If you want to build a brand, you must focus your branding efforts on owning a word in the prospect’s mind. A word that nobody else owns.
Successful brands get into the mind slowly. A blurb in a magazine. A mention in a newspaper. A comment from a friend. A display in a retail store. After a slow buildup, people become convinced that they have known about the brand forever.
A successful branding program is based on the concept of singularity. It creates in the mind of the prospect the perception that there is no product on the market quite like your product.
To get into the consumer’s mind, you have to sacrifice. You have to reduce the essence of your brand to a single thought or attribute. An attribute that nobody else already owns in your category.
Positioning is not what you do to a product. Positioning is what you do to the mind of the prospect.
Marketing is not selling. Marketing is building a brand in the mind of the prospect.
What’s your brand? If you can’t answer that question about your own brand in two or three words, your brand’s in trouble.
Positioning is how you differentiate yourself in the mind of the prospect. That is, you position the product in the mind of the prospect.
Marketing is what a company is in business to do. Marketing is a company’s ultimate objective.
The best way to make news is to announce a new category, not a new product.
Changing the direction of a large company is like trying to turn an aircraft carrier. It takes a mile before anything happens. And if it was a wrong turn, getting back on course takes even longer.
The next generation product almost never comes from the previous generation.
Advertising is the way great brands get to be great brands.

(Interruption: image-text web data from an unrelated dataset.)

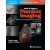 Webb & Higgins Thoracic Imaging: Print + eBook with Multimedia ,4/e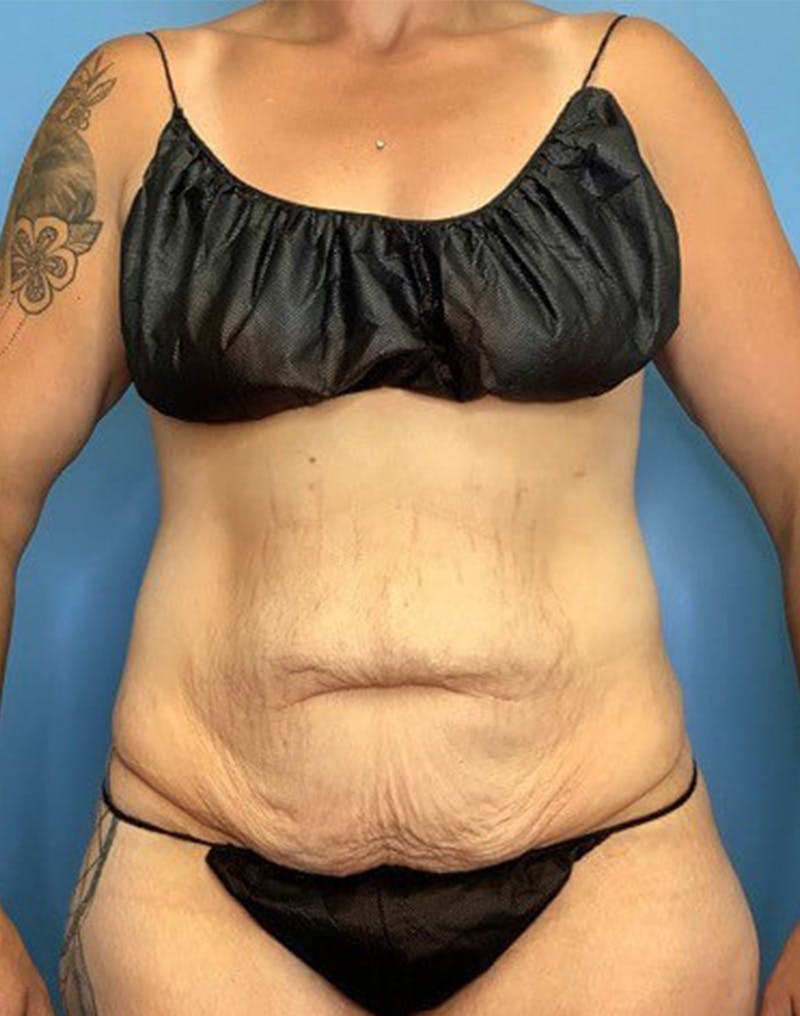 Tummy Tuck (Abdominoplasty)  Before & After Gallery - Patient 55612924 - Image 1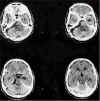 meningioma base post.jpg (59239 byte)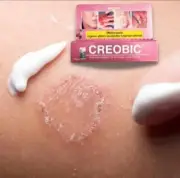5 x Creobic Scabies Treatment Cream Ringworm Parasites Itching Anti Fungus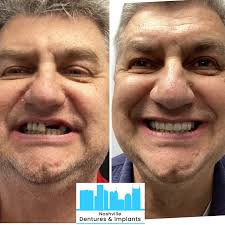Nashville Dentures & Implants‎
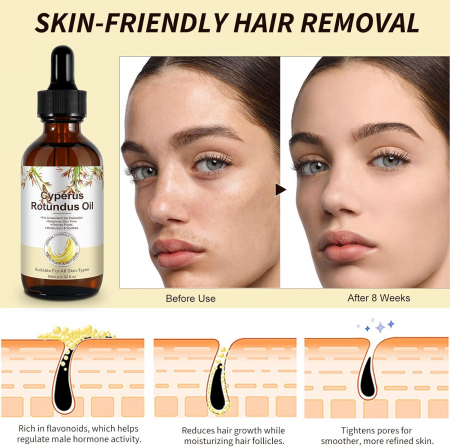 Ulei Cyperus Rotundus pentru Incetinirea Cresterii Firelor de Par, Formula 100% Naturala, NOVA KISS®, 60 ml7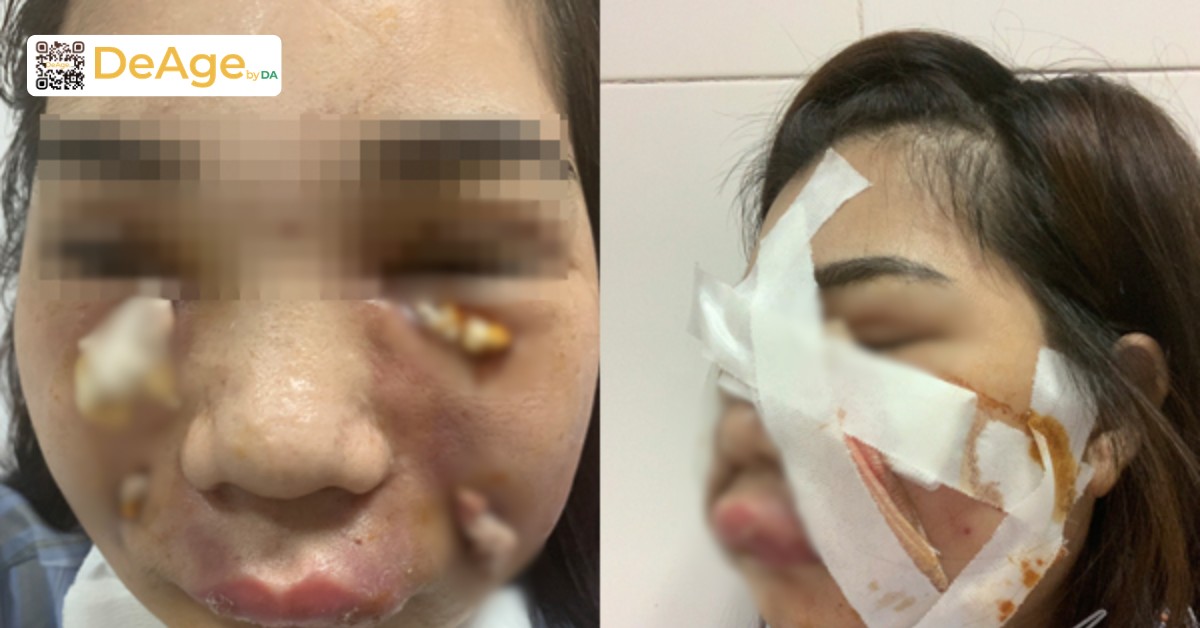 Nên tiêm filler hay mỡ tự thân để cân chỉnh gương mặt? 6 Biến chứng tiêm mỡ tự thân
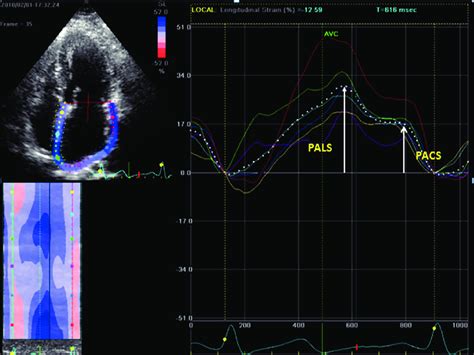 Left Atrial Longitudinal Strain Parameters Composite Figure Showing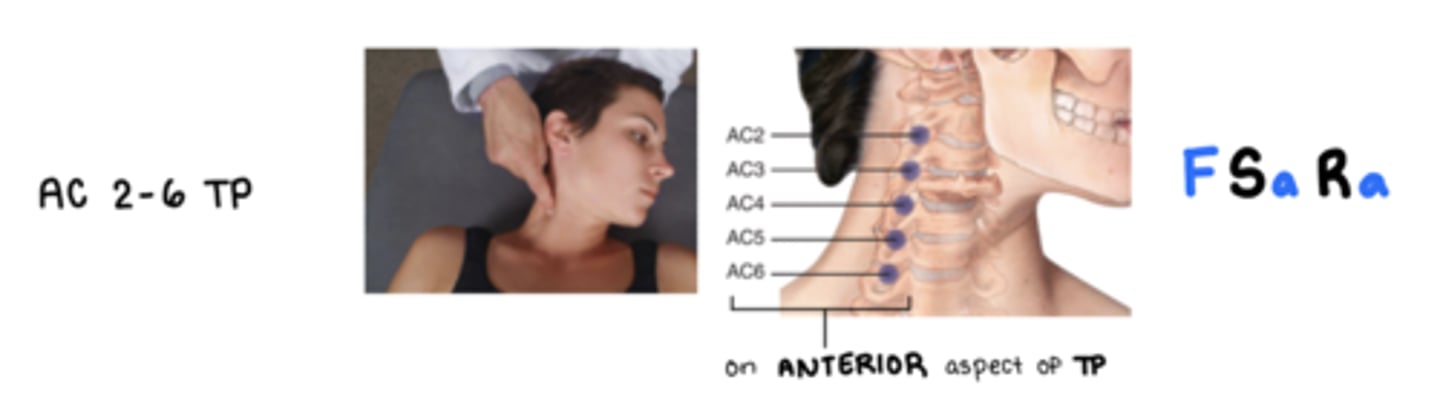 <p>F Sa Ra</p><p>on anterior lateral aspect of the A/P tubercles of the transverse process of the corresponding vertebrae</p><p>2- middle scalene and longus colli mm.</p><p>3/4- anterior, middle scalenes, longus capitis and longus colli mm.</p><p>5/6- anterior, middle, posterior scalenes, longus capitis and longus collii mm.</p>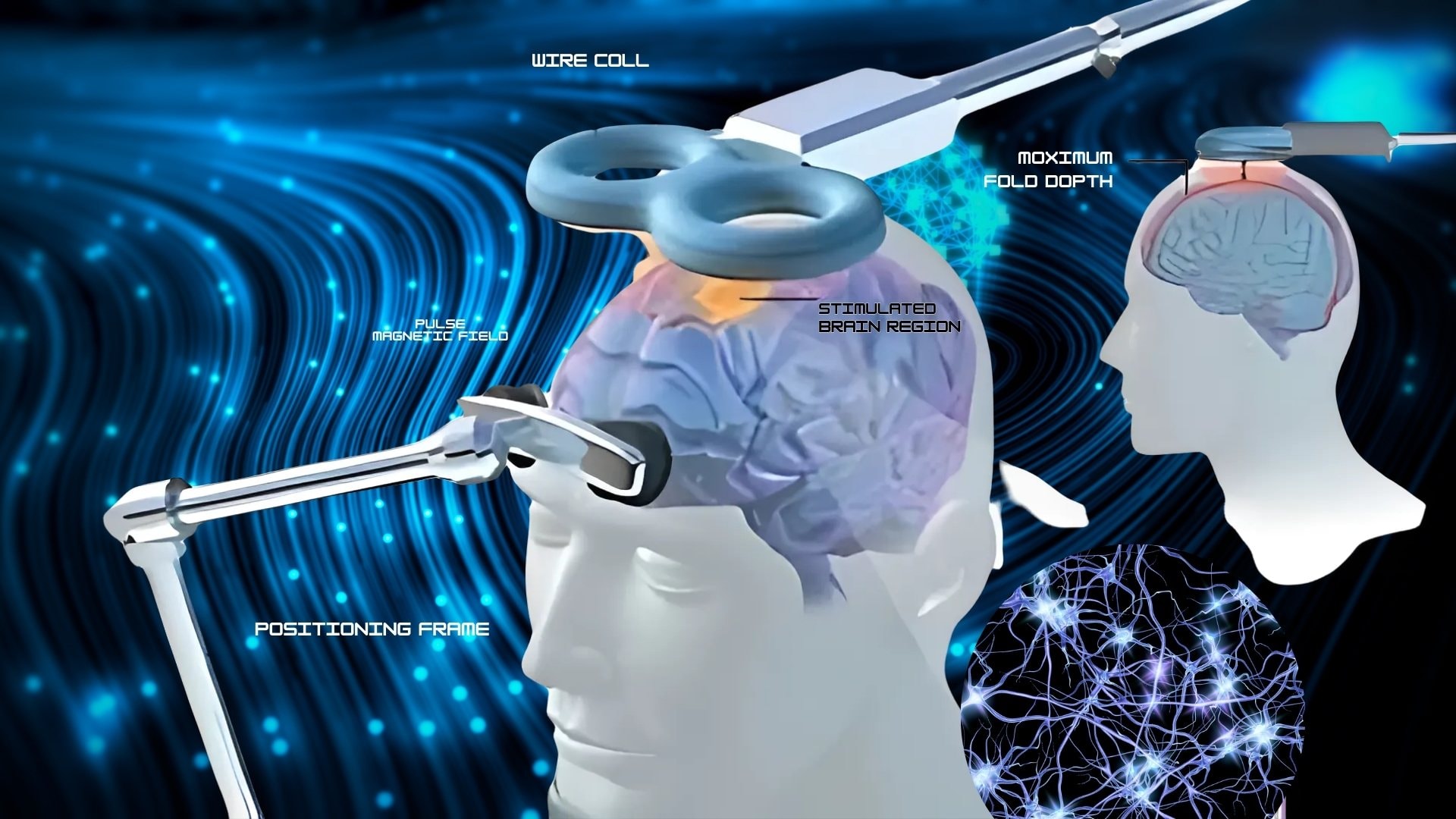 Understanding How TMS Therapy Works for Mental Health Treatment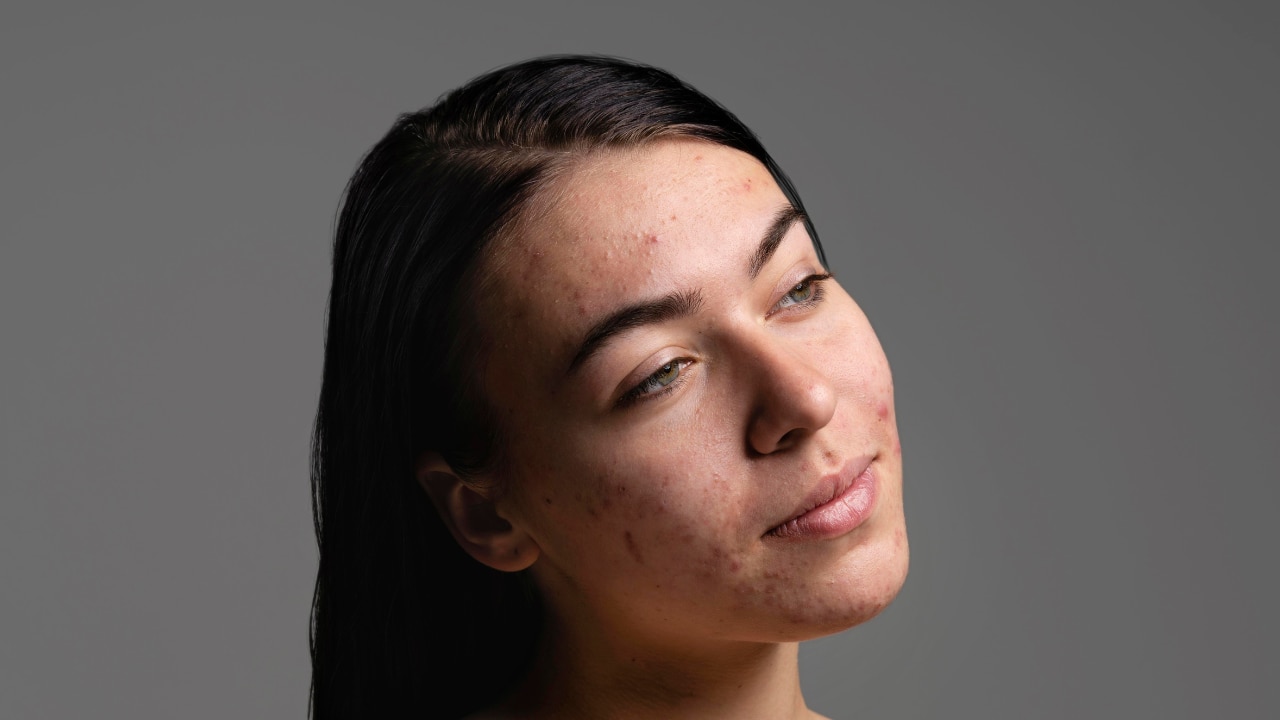 Skin barrier is weaker in winter: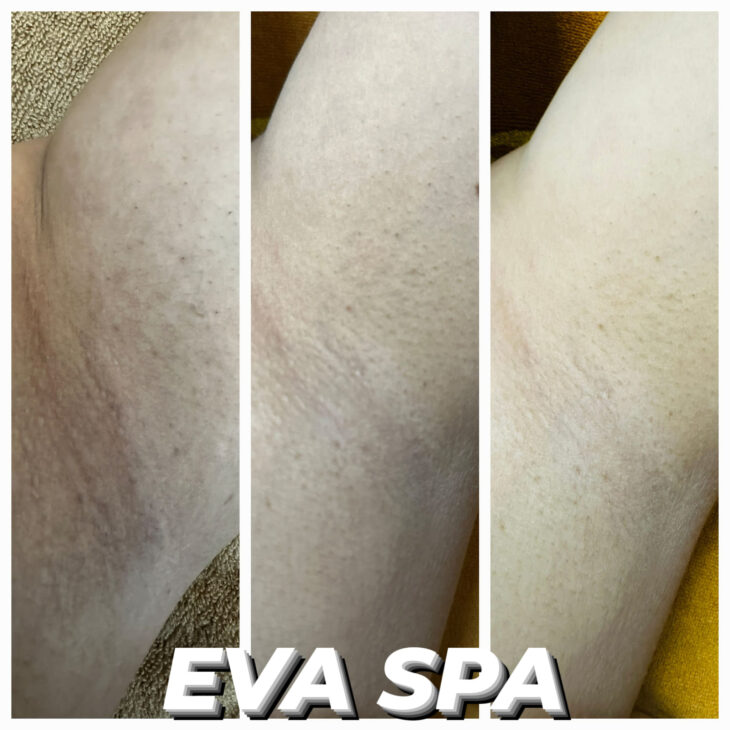 Ủ Bắn Trắng Nách tại Eva Spa Cần Thơ, trắng da, sáng mịn, hết thâm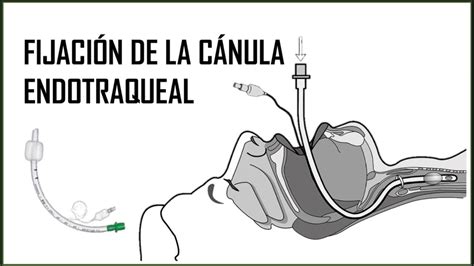 Fijación de cánula endotraqueal y CPC YouTube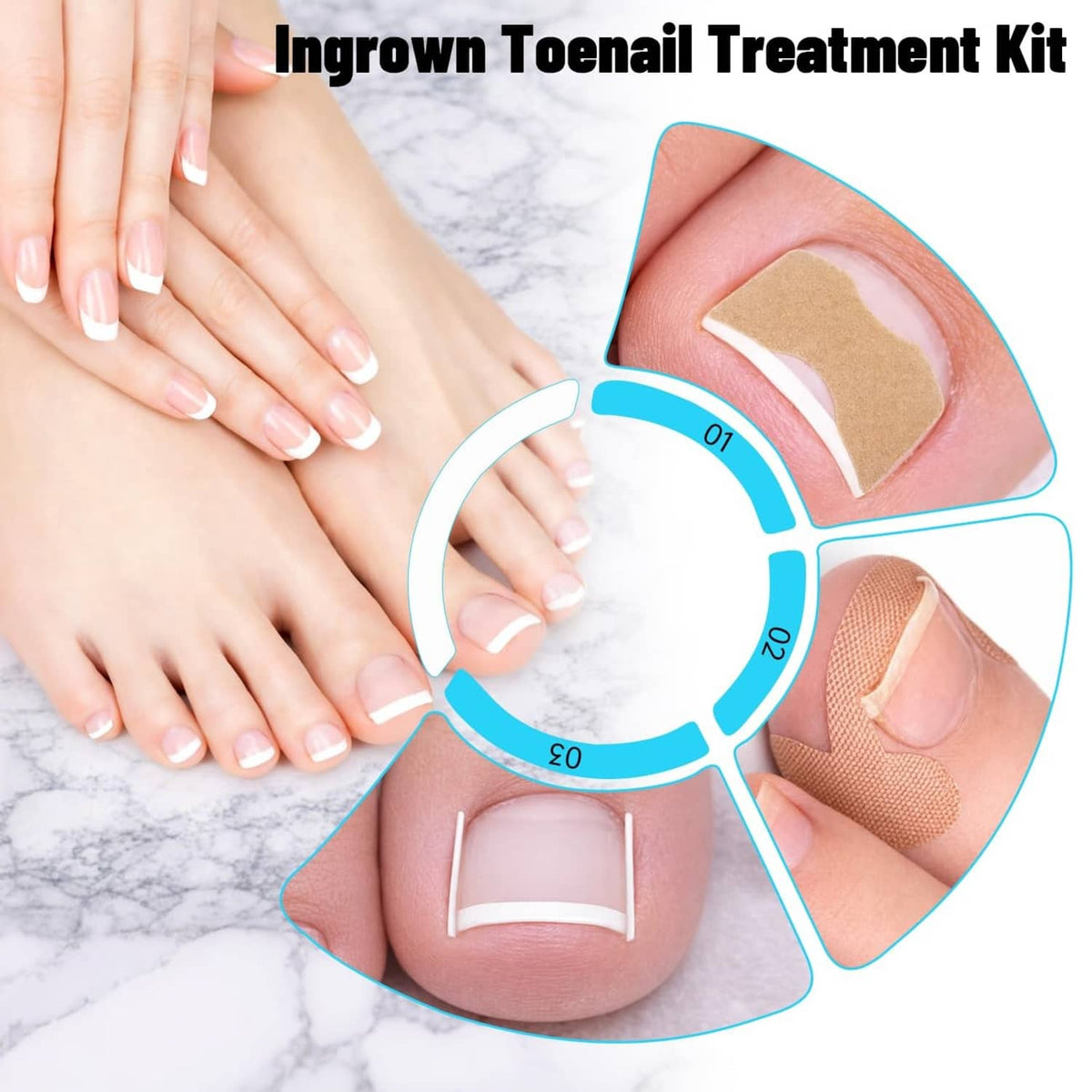 Ingrown toenail treatment kit with adhesive pad and silver tool for toe care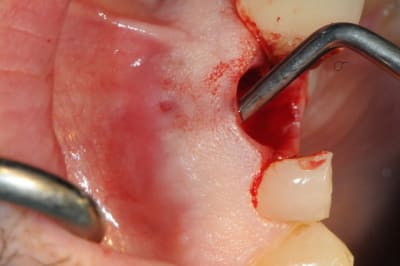 Dsc 0487 nmrazq - Eugenol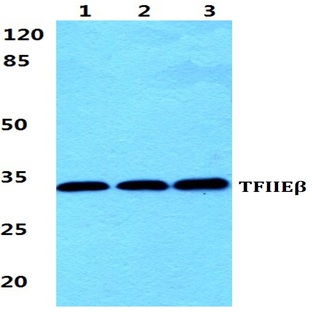 TFIIE-(beta) pAb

Your brand’s power lies in dominance. It is better to have 50% of one market, instead of 10% of five markets.
Strategy and timing are the Himalayas of marketing. Everything else is the Catskills.
War and marketing have many similarities.
The Internet is the ultimate in brand-centered buying.
The most powerful concept in marketing is owning a word in the prospects mind.
Today, communication itself is the problem. We have become the world’s first overcommunicated society. Each year we send more and receive less.
Everyone is interested in what‘s new. Few people are interested in what‘s better.